In a meta-analysis of 13 IgAN randomized trials, change in proteinuria was found to be associated with KF events.17,18 The authors reported a strong and consistent relationship between the level/duration of proteinuria and the decline or loss of kidney function.17,18 The severity and duration of sustained proteinuria are commonly assessed by calculating time-averaged proteinuria although the method for calculating time-averaged proteinuria has varied.19–21 In our initial investigation into the burden associated with IgAN, we identified that healthcare resource utilization and costs were higher for patients with high-risk proteinuria (≥1 g/d; observed in 54% of the overall and 55% of the adult population at baseline, respectively) and worsening kidney function.22
The aim of this study was to evaluate the prognostic effects of proteinuria on the outcome of CVD/all-cause mortality and KF/all-cause mortality using a US real-world data source. In addition, we evaluated the relationship between progression to KF and occurrence of CVD/mortality events. In addition, we completed exploratory analyses of CVD and nephrotic syndrome event rates by proteinuria and post-KF status and the incremental costs associated with nephrotic syndrome events, CVD events, and CKD progression.
Methods
Study Design and Data Source
This was an observational, retrospective cohort study using Optum's deidentified Market Clarity Data and proprietary Natural Language Processing (NLP) data.23 The Optum deidentified Market Clarity Dataset deterministically links electronic health record data from providers across the care continuum with historical, linked administrative claim data, pharmacy claims, physician claims, and facility claims (with clinical information) and is inclusive of medications prescribed and administered. The Optum NLP system was developed using vocabulary from the Unified Medical Language System that includes multiple medical dictionaries such as the Logical Observation Identifiers Names and Codes, the Systemized Nomenclature of Medicine-Clinical Terms, and RxNorm, a listing of generic and branded drugs (among others).
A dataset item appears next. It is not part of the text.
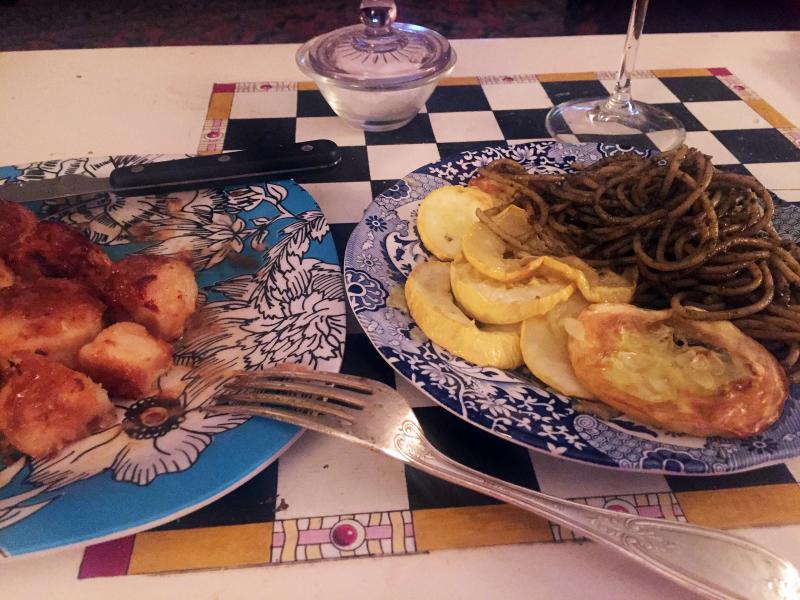 Pan-fried scallops, pesto, and fresh yellow squash from Sue Mello’s garden. And chardonnay. SUZI THAYER/Boothbay Register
NLP concepts are identified and created based on broad topics such as medications, signs, disease, and symptoms (SDS) terms, measurements, and observations. The data are harvested from the notes fields within the electronic medical records provided to Optum from more than 50 large health care systems throughout the United States. The data used for the development of each NLP concept are deidentified, and accuracy is verified through a series of quality assurance steps before release for use. Each NLP concept included in the data is associated with a unique subject record and a date of observation, allowing longitudinal tracking of concepts over time.
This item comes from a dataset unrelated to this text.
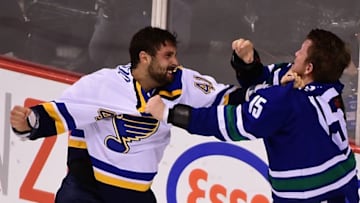 Oct 16, 2015; Vancouver, British Columbia, CAN; St. Louis Blues defenseman Robert Bortuzzo (41) fights against Vancouver Canucks forward Derek Dorsett (15) during the second period at Rogers Arena. Mandatory Credit: Anne-Marie Sorvin-USA TODAY Sports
The Optum Market Clarity Dataset is fully Health Insurance Portability and Accountability Act compliant and contains statistician-certified, deidentified data. Institutional Review Board approval was not required for this study.
This study used data between January 1, 2007, and March 31, 2021, with an identification period of July 1, 2007, to March 31, 2021, allowing for a 6-month baseline (Supplemental Figure 1).
Study Population
Because of the limited data available on the presence of a kidney biopsy, the study population included adult (age ≥18 years) patients with at least two SDS NLP term entries for “IgA nephropathy,” “immunoglobulin A nephropathy,” “berger's disease,” “berger's nephropathy,” “IgA glomerulonephritis,” or “immunoglobulin A glomerulonephritis,” within 180 and ≥30 days apart within the identification period. Patients with negation terms (e.g., “deny,” “failed,” “ignore,” “n/a,” “negative,” “question,” “reject,” “rule out,” “uncertain,” and “unspecified”) in relation to the IgAN SDS term were excluded (Supplemental Figure 2). Patients were required to have ≥6 months of preindex activity (baseline period). The index date was the first IgAN NLP term within the identification period. Patients with evidence of coronavirus disease 2019 before or after index were excluded (Figure 1). Patients were excluded from the proteinuria-CVD/mortality cohort if they had evidence of KF (on the basis of diagnosis codes, eGFR <15 ml/min per 1.73 m2, procedure codes for dialysis or kidney transplant) or CVD at baseline (CVD event during baseline period or evidence of myocardial infarction [MI], congestive heart failure, or stroke by the Charlson comorbidity index [CCI]), or if they did not have a proteinuria measurement during the baseline period. For the proteinuria-KF/mortality cohort, patients were excluded if they had evidence of KF at baseline or if they did not have a proteinuria measurement during the baseline period. For the KF-CVD/mortality cohort, patients were excluded if they had evidence of CVD at baseline (CVD event during baseline period or evidence of MI, congestive heart failure, or stroke by the CCI).
Exposures and Outcomes
Baseline demographics and clinical characteristics included age, sex, region, race/ethnicity (collected by database), insurance type, eGFR, CKD stage, KF, proteinuria, and CCI.
To assess the effect of proteinuria, adjusted hazard ratios (HRs) with 95% confidence intervals (CIs) for CVD/all-cause mortality and KF/all-cause mortality events were reported. Adjusted HRs with 95% CIs were also reported for the association between KF status and CVD/all-cause mortality events.
Proteinuria level was stratified by the KDIGO threshold for high-risk proteinuria (<1 versus ≥1 g/d). To support proteinuria-based analyses, all proteinuria data were presented as g/d with urinary protein-creatinine ratio values in g/g converted to g/d. KF status (pre versus post) was determined based on any of the following: diagnosis codes, eGFR <15 ml/min per 1.73 m2, and procedure codes for dialysis or kidney transplant, at any time during follow-up.
CVD events were defined as patients with ≥1 hospital admission with a primary diagnosis of MI, unstable angina, ischemic stroke, transient ischemic attack, or congestive heart failure or ≥1 inpatient or outpatient revascularization procedure (percutaneous coronary intervention, coronary artery bypass graft). Baseline CVD events included those occurring in the 6 months before the index date.
KF events were defined using the same components of the definition for KF status. The first occurrence of the components was considered an event; therefore, patients could only have one occurrence of each component.
All-cause mortality was defined as patients with a death date, calculated as the last day of the death month.
Statistical Analyses
Baseline demographic and clinical characteristics were analyzed descriptively, including counts and percentages for categorical variables and means with SD and medians with first and third quartiles (Q1–Q3) for continuous variables.
Kaplan–Meier analysis was conducted to assess the association between baseline proteinuria and CVD/mortality or KF/mortality events during follow-up and between baseline KF status and CVD/mortality events during follow-up.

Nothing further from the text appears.